The con works like this: A phone caller identifies themselves by name as the target’s grandchild. They say they’re in trouble and they beg for help. For a grandparent, the first instinct is to do whatever you can to prevent your family member from ending up behind bars.
This is exactly what happened to Carolyn Markey, 82, on Friday. She says the caller sounded like her 18-year-old grandson Josh. “Josh” claimed he was in Mexico and had been beaten. He was being held and faced jailtime if he couldn’t come up with $20,000.
Markey says she rushed to her bank to take out a loan for Josh, but an alert bank worker recognized the age-old scam.
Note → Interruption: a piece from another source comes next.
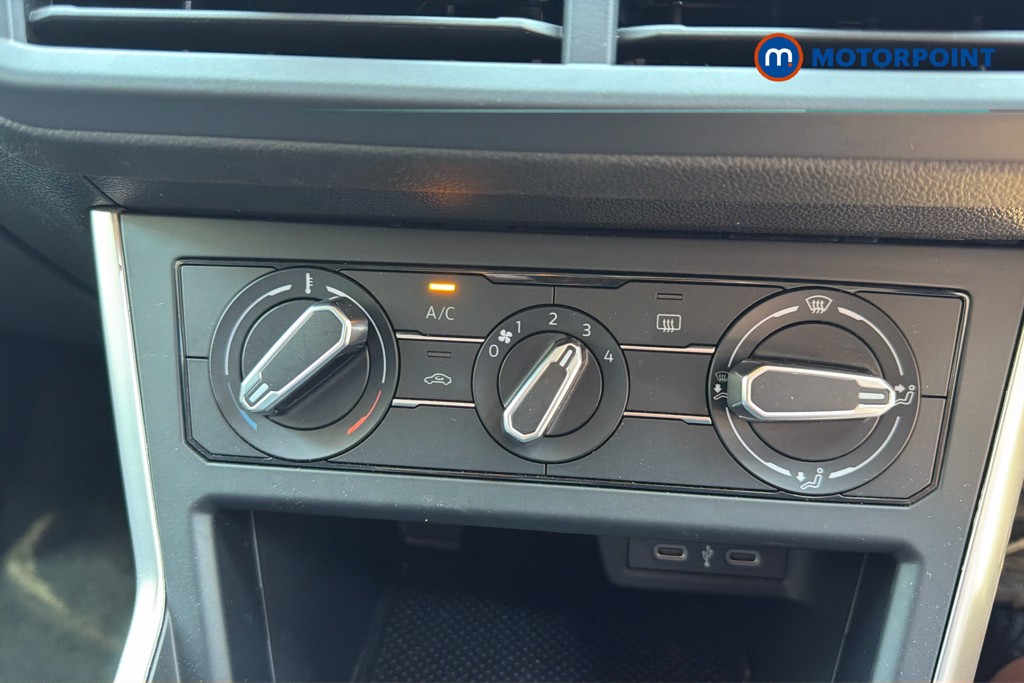 Volkswagen Polo Life Manual Petrol Hatchback - Stock Number (1655884) - 12th supplementary image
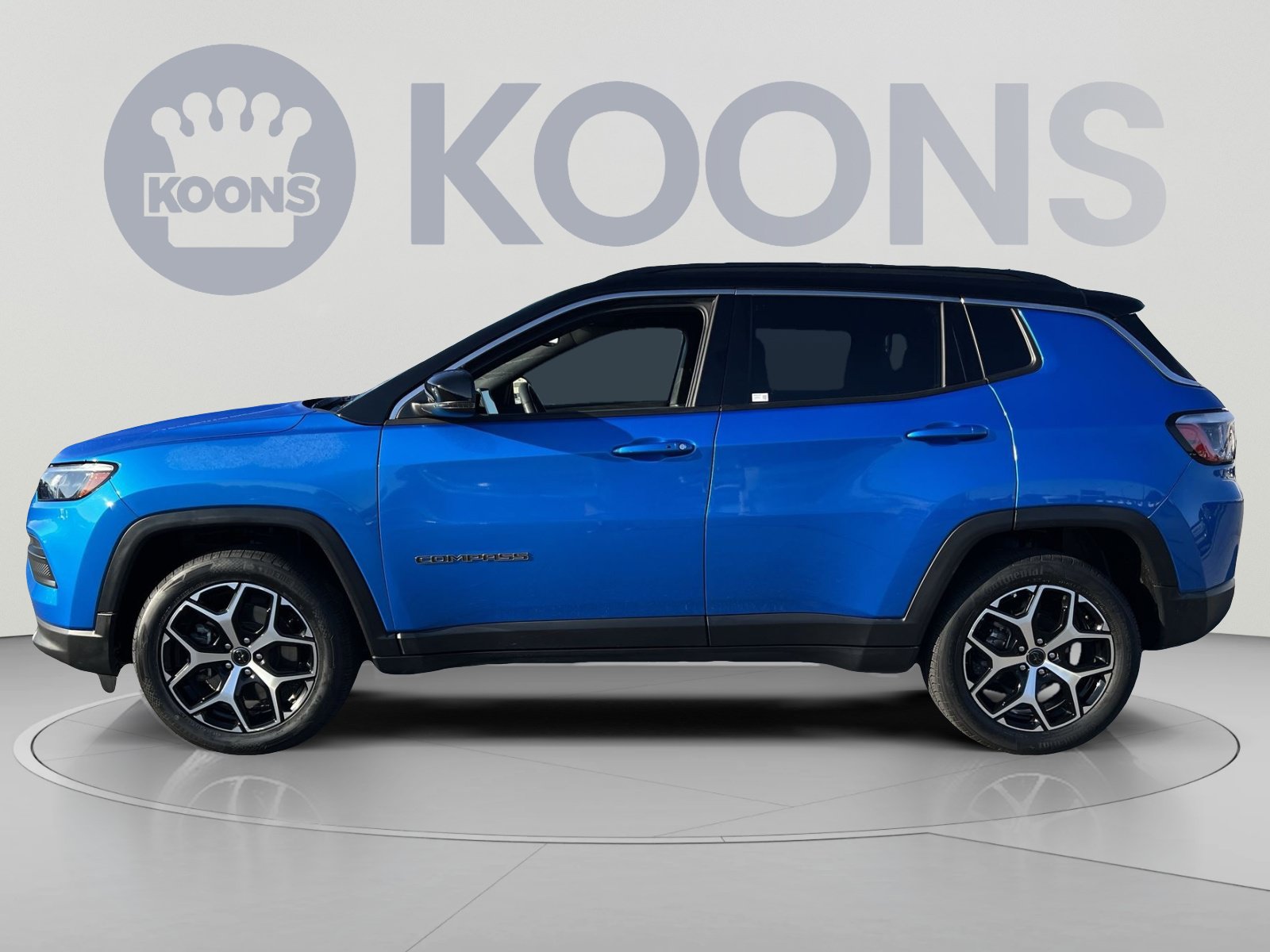 Used 2025 Jeep Compass Limited AWD/4WD image 2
“The first thing I thought of is, ‘I’ve got to get him out of there,'” Markey said. “And it kind of turned off my rational thinking.”
Markey received four or five calls that day from a number that showed up as unavailable on caller ID.
She later called Josh’s mother and learned that the teen wasn’t in Mexico, but safe and sound here in the United States.
The Federal Trade Commission says so-called imposter scams have doubled in the last five years, costing Americans more that $73 million a year. The con artists prey on senior citizens who often have nest eggs or excellent credit to help a relative in trouble.
Markey says alarm bells should have went off in her head when the caller insisted that the situation remain a secret and that she should not tell anyone about it. She’s thankful she did not follow that advice and told her bank and filed a police report.